There’s a lot of cocktails named after parts of New York, the Manhattan, obviously, but also the Red Hook, the Harlem Nights and the Staten Island Ferry. This week we’re making a drink named after the entire city, the New York Sour. It’s essentially a whiskey sour made with bourbon but with red wine floating on the top.
What? Red wine and bourbon? Sounds a bit disgusting, doesn’t it? Red wine and bourbon aren’t what you’d call a classic cocktail pairing like, say, gin and vermouth. But actually red wine and whisky have a long history together. Queen Victoria herself used to enjoy Scotch mixed with claret. No one was going to tell her she was doing it wrong. Stop and take it apart for a moment and it makes sense. Whiskies are increasingly aged in different casks including one that formerly held red wine. Think of the delicious Starward Nova from Australia or the recent Aberfeldy aged in Pauillac casks. We’re happy with fortified wines, like Port and sherry, in cocktails. So why not red wine?
The sour is the cocktail stripped back to its basic parts: alcohol, sweet and, of course, sour. Adding the red wine adds a bitter element, rather like adding bitters or vermouth. According to Difford’s Guide, the New York Sour cocktail history probably dates back to the 1880s and was first made in Chicago, not New York. It’s been through a number of names like the Claret Snap and the Brunswick Sour before settling on its current name.
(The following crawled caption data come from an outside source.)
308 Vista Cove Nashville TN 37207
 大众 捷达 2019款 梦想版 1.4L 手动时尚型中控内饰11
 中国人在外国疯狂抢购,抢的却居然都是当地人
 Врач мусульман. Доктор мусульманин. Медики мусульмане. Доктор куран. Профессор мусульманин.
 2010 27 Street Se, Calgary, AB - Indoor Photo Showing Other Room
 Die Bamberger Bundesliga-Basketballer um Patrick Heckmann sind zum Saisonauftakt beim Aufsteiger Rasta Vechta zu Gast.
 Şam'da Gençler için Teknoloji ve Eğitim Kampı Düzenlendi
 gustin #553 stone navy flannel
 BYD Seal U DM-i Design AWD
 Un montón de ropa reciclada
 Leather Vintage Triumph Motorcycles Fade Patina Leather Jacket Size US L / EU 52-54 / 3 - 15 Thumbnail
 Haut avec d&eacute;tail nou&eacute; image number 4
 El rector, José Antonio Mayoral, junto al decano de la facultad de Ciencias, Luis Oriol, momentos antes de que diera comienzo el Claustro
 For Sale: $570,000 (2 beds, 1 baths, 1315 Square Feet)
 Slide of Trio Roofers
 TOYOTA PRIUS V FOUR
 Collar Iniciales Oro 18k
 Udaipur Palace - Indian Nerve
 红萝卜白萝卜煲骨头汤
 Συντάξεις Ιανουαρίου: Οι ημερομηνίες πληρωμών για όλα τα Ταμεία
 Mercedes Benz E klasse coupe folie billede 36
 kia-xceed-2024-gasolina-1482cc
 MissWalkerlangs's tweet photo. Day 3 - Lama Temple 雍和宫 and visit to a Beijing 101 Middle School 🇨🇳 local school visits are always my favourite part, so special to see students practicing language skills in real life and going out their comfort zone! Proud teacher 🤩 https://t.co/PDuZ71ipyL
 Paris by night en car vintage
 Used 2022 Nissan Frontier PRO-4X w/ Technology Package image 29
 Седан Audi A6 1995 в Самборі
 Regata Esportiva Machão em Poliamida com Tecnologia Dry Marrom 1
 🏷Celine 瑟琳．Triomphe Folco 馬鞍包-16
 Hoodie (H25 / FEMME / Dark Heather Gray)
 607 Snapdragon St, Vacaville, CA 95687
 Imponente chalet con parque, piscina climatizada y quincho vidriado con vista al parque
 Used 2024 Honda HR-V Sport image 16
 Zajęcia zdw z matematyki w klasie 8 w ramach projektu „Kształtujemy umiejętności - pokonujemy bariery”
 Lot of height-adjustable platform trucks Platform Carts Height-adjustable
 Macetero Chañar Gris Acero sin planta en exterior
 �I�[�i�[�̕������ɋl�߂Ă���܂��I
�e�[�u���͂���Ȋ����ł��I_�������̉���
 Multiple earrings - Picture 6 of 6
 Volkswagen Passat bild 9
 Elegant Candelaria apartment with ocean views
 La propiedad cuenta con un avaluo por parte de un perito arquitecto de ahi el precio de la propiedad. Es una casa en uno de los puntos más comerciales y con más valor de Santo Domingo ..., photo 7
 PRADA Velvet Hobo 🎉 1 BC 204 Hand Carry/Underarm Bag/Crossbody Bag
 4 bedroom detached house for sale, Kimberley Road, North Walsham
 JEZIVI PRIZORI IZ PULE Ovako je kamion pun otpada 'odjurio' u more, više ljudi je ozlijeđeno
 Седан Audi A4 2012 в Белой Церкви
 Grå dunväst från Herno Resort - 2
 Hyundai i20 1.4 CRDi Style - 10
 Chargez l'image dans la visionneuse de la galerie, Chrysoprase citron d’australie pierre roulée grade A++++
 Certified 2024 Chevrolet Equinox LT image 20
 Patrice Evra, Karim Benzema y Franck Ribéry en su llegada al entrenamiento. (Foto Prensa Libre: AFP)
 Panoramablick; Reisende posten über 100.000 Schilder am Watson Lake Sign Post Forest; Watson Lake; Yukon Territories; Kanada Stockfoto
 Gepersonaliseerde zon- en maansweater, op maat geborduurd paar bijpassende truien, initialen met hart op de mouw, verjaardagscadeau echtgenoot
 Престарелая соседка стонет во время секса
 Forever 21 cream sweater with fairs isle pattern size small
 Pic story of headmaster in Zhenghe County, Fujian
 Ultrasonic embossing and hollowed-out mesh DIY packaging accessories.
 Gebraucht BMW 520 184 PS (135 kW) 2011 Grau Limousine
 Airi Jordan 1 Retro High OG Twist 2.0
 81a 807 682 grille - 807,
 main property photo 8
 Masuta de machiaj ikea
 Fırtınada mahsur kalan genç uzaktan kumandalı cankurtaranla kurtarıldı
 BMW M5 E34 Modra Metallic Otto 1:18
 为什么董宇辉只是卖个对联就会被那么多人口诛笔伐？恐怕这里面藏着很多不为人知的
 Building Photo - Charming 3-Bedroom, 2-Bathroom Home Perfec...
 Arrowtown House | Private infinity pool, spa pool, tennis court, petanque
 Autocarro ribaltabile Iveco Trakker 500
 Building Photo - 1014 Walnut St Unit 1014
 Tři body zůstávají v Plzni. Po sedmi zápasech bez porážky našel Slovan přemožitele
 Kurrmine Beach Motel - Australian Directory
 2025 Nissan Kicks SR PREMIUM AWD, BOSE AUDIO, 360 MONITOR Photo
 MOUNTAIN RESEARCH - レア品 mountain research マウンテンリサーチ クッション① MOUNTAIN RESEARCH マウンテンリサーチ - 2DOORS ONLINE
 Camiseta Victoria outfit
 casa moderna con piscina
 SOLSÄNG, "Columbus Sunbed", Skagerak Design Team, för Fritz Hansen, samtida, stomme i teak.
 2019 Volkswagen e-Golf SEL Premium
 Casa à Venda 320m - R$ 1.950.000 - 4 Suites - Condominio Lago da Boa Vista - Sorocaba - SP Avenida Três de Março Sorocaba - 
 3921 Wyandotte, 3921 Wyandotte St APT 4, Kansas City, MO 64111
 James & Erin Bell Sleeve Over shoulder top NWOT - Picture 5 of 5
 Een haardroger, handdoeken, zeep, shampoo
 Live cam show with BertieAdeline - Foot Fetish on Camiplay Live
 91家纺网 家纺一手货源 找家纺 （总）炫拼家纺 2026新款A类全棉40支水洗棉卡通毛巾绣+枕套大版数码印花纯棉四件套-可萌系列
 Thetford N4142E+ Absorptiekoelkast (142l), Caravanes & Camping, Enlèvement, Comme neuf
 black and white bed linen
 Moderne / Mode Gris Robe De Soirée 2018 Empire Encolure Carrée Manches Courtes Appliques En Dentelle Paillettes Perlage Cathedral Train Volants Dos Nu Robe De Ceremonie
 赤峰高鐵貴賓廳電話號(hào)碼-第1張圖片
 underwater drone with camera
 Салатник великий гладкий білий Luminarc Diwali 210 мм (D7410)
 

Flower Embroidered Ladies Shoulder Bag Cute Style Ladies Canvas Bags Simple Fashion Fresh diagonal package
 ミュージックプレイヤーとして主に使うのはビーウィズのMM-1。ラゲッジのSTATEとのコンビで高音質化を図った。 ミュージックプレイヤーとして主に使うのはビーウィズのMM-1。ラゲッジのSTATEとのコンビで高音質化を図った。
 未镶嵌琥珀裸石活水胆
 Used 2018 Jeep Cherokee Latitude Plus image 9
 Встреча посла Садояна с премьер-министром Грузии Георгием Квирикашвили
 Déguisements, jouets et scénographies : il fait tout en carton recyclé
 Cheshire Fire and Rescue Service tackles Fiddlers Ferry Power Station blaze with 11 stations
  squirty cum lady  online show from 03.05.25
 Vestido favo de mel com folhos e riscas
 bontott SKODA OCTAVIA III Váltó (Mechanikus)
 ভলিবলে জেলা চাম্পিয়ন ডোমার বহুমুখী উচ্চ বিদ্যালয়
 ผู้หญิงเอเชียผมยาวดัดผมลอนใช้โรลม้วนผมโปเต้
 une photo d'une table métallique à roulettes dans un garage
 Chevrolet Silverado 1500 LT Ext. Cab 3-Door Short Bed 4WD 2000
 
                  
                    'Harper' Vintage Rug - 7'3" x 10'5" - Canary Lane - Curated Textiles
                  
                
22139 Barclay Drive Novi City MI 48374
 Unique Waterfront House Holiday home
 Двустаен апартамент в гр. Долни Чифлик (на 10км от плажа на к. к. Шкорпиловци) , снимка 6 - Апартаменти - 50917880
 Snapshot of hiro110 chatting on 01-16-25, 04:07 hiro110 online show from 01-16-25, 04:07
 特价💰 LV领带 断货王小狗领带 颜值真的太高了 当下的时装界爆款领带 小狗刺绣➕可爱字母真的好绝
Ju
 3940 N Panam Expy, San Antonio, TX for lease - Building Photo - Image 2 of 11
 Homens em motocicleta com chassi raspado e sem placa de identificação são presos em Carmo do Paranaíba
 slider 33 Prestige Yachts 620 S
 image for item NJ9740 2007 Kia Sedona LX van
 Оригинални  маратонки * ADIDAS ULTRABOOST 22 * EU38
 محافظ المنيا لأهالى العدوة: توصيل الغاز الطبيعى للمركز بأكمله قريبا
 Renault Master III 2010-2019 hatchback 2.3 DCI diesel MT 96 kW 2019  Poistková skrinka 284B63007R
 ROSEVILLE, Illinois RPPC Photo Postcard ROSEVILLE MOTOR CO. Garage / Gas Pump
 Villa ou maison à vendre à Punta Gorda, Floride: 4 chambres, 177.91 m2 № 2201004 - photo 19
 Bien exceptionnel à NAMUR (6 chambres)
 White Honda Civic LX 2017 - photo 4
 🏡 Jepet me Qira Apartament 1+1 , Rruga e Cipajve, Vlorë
There have been other New Yorky cocktails: Harry Craddock has a drink called a New York Cocktail in The Savoy Cocktail Book, a sour made with Canadian Club whisky and grenadine but no red wine; David Embury writes about a similar cocktail called a New Yorker also made with grenadine but he writes “a spoonful of claret may be floated on top if desired.” The only problem with this is that as grenadine is also red, you don’t really get the pretty two layer effect which is half the fun.
Neither call for egg white but it’s a nice addition as it looks pretty and makes your drink taste all fluffy and lovely. The recipe below is served on the rocks in an Old Fashioned glass but you could serve it straight up. For bourbon I’m using Woodford Reserve because a) it’s delicious b) it’s what I have in the cupboard. And then the big question is what sort of red wine to use. The traditional accompaniment would have been claret, red Bordeaux, which would have been even more tannic back in the early 20th century when it was colder and grapes weren’t picked so ripe. Whatever you decide, it’s worth using something which has a bit of bite to it. A jammy Californian Merlot just won’t cut the mustard or anything that’s too oaky. Instead, if you’re trying New York Sour variations, try something bitter and interesting from Piedmont (the home of Italian vermouth) in northern Italian like a Barbera, Dolcetto, or even if you’re feeling fancy, Barolo or Barbaresco would turn this drink into a special occasion.
So here’s to the New York Sour cocktail. If you can make it there, you can make it anywhere, even Tonbridge:
Add all the ingredients except the red wine to your cocktail shaker and “dry shake” without ice for 10 seconds, then take the shaker apart and add cubed ice. Shake vigorously and double strain into an old-fashioned glass filled with cubed ice, then slowly pour the red wine carefully down the side of the glass and with any luck it will float on the top.